Imo a bug, clearly - but not so clear where it is located.

To me, it looks like the statsforecast y_pred is identical with the first three years of y_train.

What is odd is that the bug depends on which estimator is used, i.e., the condition seems to be a condition of evaluate and StatsForecastAutoARIMA, which makes a guess of what is going on hard.

fkiraly commented 8 months ago

a wild guess: it could be that sth produces incorrect indices internally - either the fh, or the adapter estimator. Then, loc or integer based indexing might retrieve - from the data - or request - from a prediction - the wrong values.

FYI @yarnabrina, any better or other guess?

yarnabrina commented 8 months ago

I don't use evaluate myself, so very not much familiar with its codebase, but if direct use is working it's unlikely to be in adapter. I don't have any guess to debug, but I'd try to see if it's statsforecast specific or if it is happening with few other estimators as well, possibly with some common tag or etc.

I use CV of course, so it's possibly affecting my work as well. I'll take a detailed look tomorrow to see if I can find any pattern or any other guesses.

On Mon, Feb 5, 2024 at 9:45 PM Franz Király @.***> wrote:

a wild guess: it could be that sth produces incorrect indices internally - either the fh, or the adapter estimator. Then, loc or integer based indexing might retrieve - from the data - or request - from a prediction - the wrong values.

FYI @yarnabrina https://github.com/yarnabrina, any better or other guess?

— Reply to this email directly, view it on GitHub https://github.com/sktime/sktime/issues/5894#issuecomment-1927357001, or unsubscribe https://github.com/notifications/unsubscribe-auth/AJMCQBF47VPDEMPJEW5P7GLYSEATHAVCNFSM6AAAAABC2NIEZGVHI2DSMVQWIX3LMV43OSLTON2WKQ3PNVWWK3TUHMYTSMRXGM2TOMBQGE . You are receiving this because you were mentioned.Message ID: @.***>

fkiraly commented 8 months ago

@yarnabrina, evaluate is used inside all the forecasting tuners - so if it were broken, then the same probem would impact all tuners.
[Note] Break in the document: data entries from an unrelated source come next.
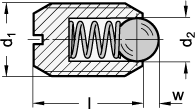 Federnde Druckstuecke Stahl  Edelstahl GN 615 Skizze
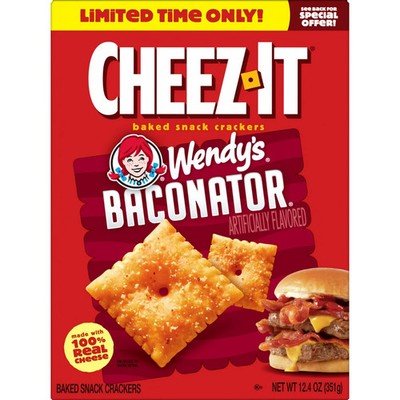 Cheez It 12.4 oz. WENDY'S BACONATOR Baked Snack Crackers Limited Edition BB 3/26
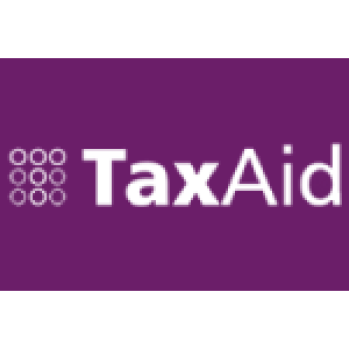Tax aid written on purple background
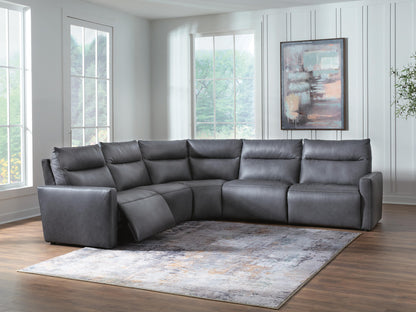 Ocala Furniture Outlet - Ashley Furniture - ModZ Sectional - 5-Piece Power Reclining Sectional / Blue - U14001S6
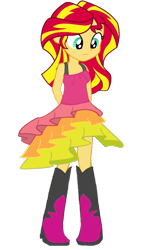 Size: 1154x1988 | Tagged: safe, artist:nightred15, edit, edited edit, editor:nightred15, imported from derpibooru, sunset shimmer, equestria girls, rainbow rocks, adorable face, background removed, boots, clothes, cute, dress, dress edit, female, looking at dress, shoes, simple background, sleeveless, solo, transparent background, upset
Abhay-Lejith commented 7 months ago

I'd like to work on this issue! I've found the cause of the problem, will make a fix and PR tomorrow perhaps.

fkiraly commented 7 months ago

nice!

fkiraly commented 6 months ago

@Abhay-Lejith, may I kindly ask where we left off with #6029? Did you abandon working on this? Which is fine if it were the case, just want to understand the status.

Abhay-Lejith commented 6 months ago

@Abhay-Lejith, may I kindly ask where we left off with #6029? Did you abandon working on this? Which is fine if it were the case, just want to understand the status.

Yes, I am no longer working on that issue.

fkiraly commented 6 months ago

did we understand the "deeper reason" for this? Since it looks like you had a fix, but it broke other parts of sktime - it would be good to understand the reasoning and record it here for the next person working on this. You will be credited of course, if your diagnosis leads to the fix.

Abhay-Lejith commented 6 months ago

Sorry, I did not investigate the matter further. The fix was causing other errors because I changed the splitting logic in the evaluate method, and this seemed to be causing problems elsewhere. Since you had told me the issue was a lot deeper and harder to fix, I did not look into it after that.

fkiraly commented 6 months ago

Can you explain perhaps why you changed things in evaluate?

Abhay-Lejith commented 6 months ago

I modified how X_test is generated by the evaluate method so that it matches the X_test created by temporal_train_test_split. The difference in X_test generated by the two methods was the cause of the different behaviour initially. All the details are there in the PR as well.

fkiraly commented 6 months ago

Ahhhh, yes, thanks for explaining it again to me.

Summarizing for the next person looking at this:

the problem is that in evaluate, the X_test passed to the estimator is actually all X seen, so it does not exactly match the y_test, but also contains X_train. This is what StatsForecastAutoArima expects.

There are two approaches to fix this:

in StatsForecastAutoArima.predict, add subsetting of X to the indices of fh, in _predict, before doing anything else.
modify the behaviour to evaluate, so X_test indices always match y_test

@Abhay-Lejith took approach no.2.

Changing this to be exactly the same (as done manually by @Abhay-Lejith upon correct diagnosis in the PR #6029) is equivalent to removing the TestPlusTrainSplitter, which fixes this bug, but causes other places in the code to break.

I think that's where our investigation got stuck, i.e., why those specific other places in the code break - and that would be the entry point for further work on approach no.2. That is:

remove TestPlusTrainSplitter from the evaluate fold generation logic
check that this bug is resolved (still)
investigate the new failures

fkiraly commented 6 months ago

@yarnabrina, for approach no.1, we would have to add subsetting in the statsforecast adapter, _predict.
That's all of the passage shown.